- Try it
Below this line is a listing that includes pictures. Copy exactly, and only, the lines from the one containing "Warehouse Penthouse Loft" through the one containing "Dewalt baterija 4ah"; the pictures do not go in the copy.

- Given data
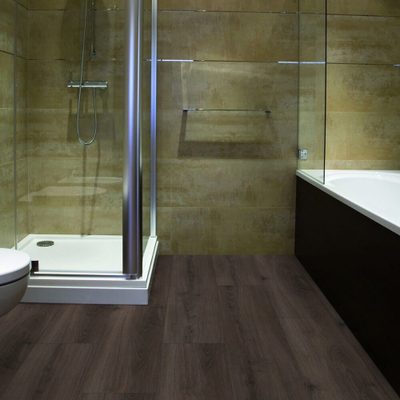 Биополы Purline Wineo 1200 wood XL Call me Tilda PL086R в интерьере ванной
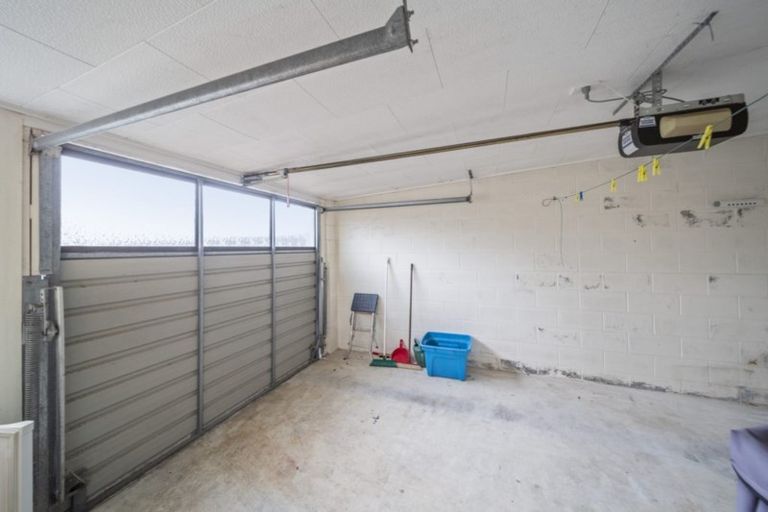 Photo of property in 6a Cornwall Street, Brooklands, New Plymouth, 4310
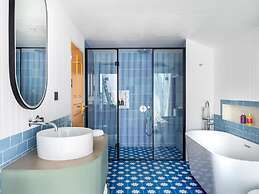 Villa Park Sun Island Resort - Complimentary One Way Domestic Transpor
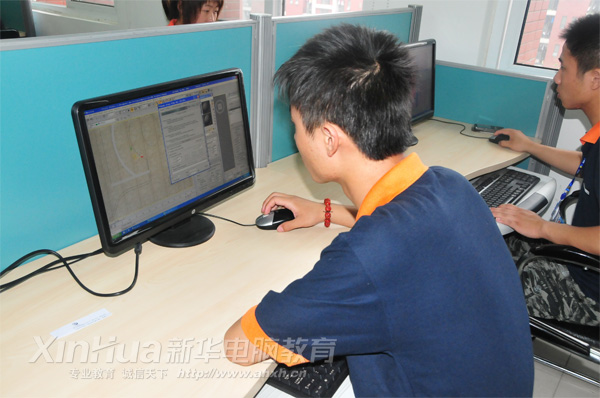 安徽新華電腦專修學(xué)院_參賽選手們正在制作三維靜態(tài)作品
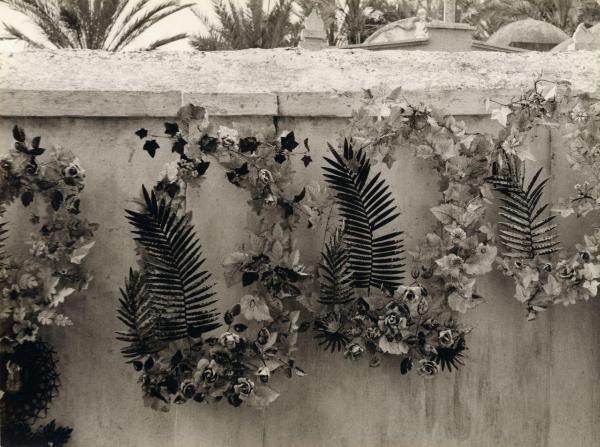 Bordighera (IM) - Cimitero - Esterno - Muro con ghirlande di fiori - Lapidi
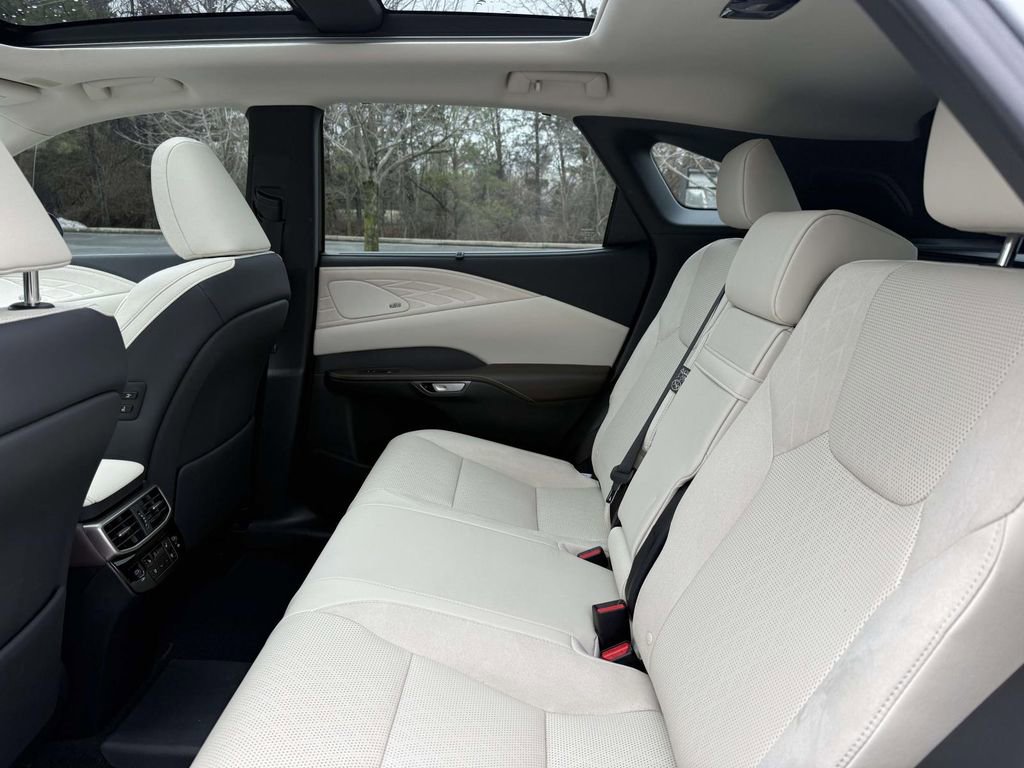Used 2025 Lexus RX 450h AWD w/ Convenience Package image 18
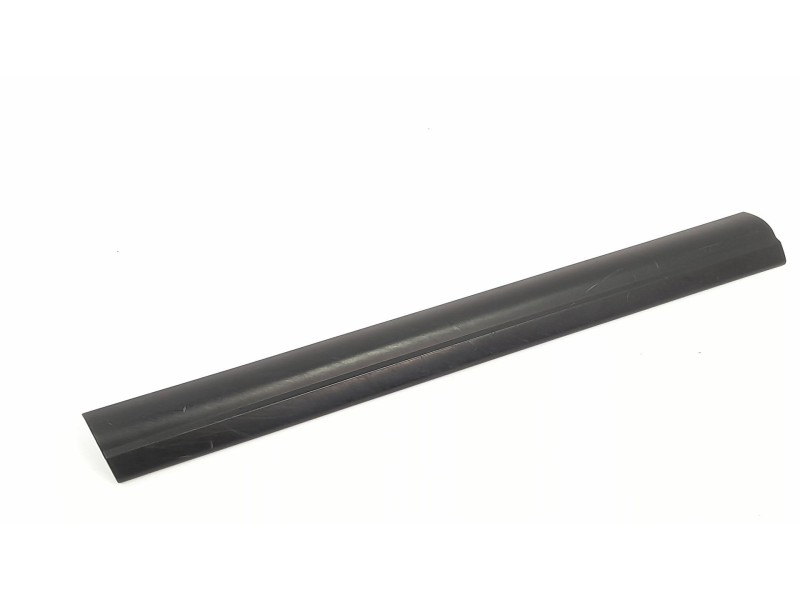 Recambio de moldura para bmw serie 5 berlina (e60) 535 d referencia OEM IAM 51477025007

---

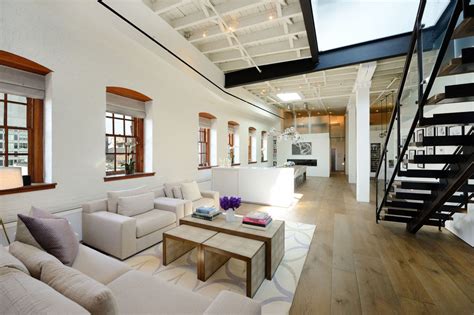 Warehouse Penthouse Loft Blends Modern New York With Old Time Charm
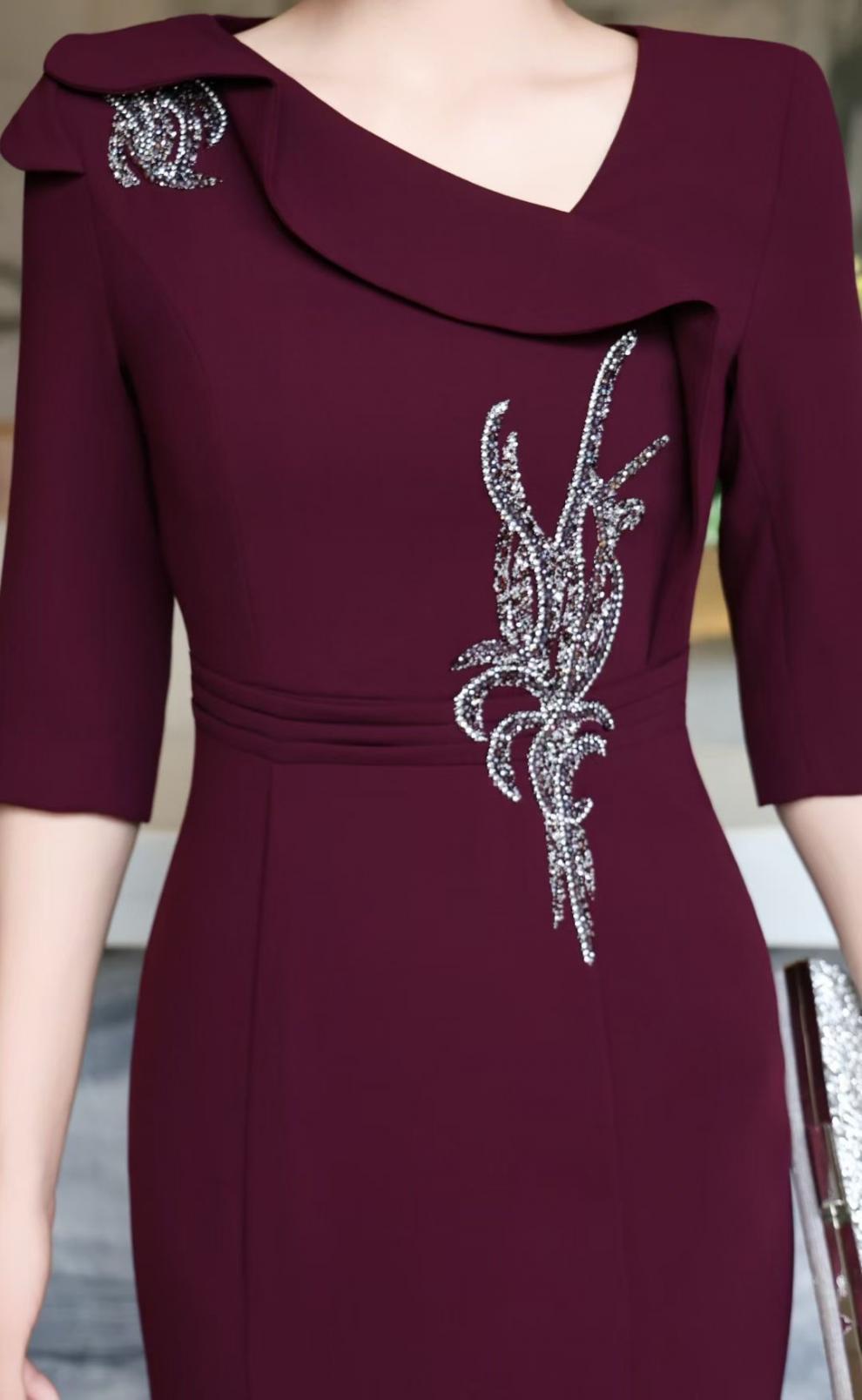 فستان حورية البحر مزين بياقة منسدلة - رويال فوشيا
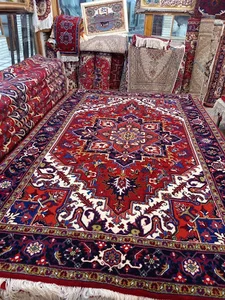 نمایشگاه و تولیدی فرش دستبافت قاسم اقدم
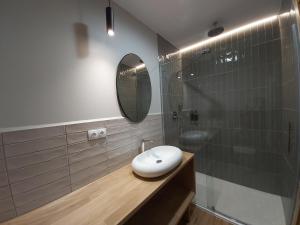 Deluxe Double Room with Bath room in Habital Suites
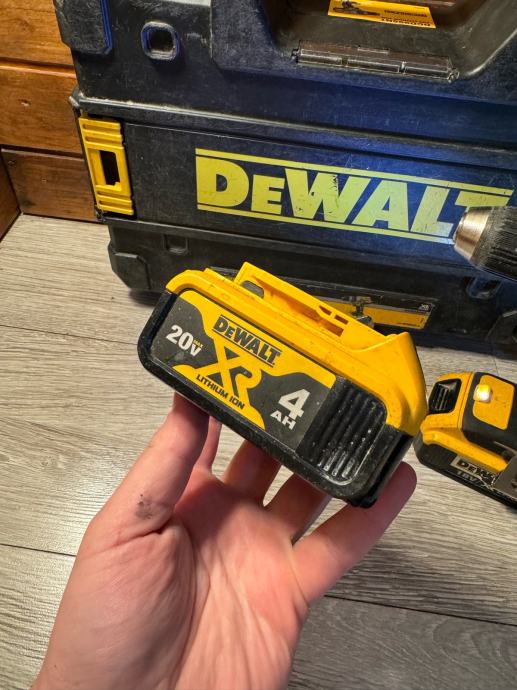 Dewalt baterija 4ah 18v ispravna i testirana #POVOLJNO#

- Written solution
 Warehouse Penthouse Loft Blends Modern New York With Old Time Charm
 فستان حورية البحر مزين بياقة منسدلة - رويال فوشيا
 نمایشگاه و تولیدی فرش دستبافت قاسم اقدم
 Deluxe Double Room with Bath room in Habital Suites
 Dewalt baterija 4ah 18v ispravna i testirana #POVOLJNO#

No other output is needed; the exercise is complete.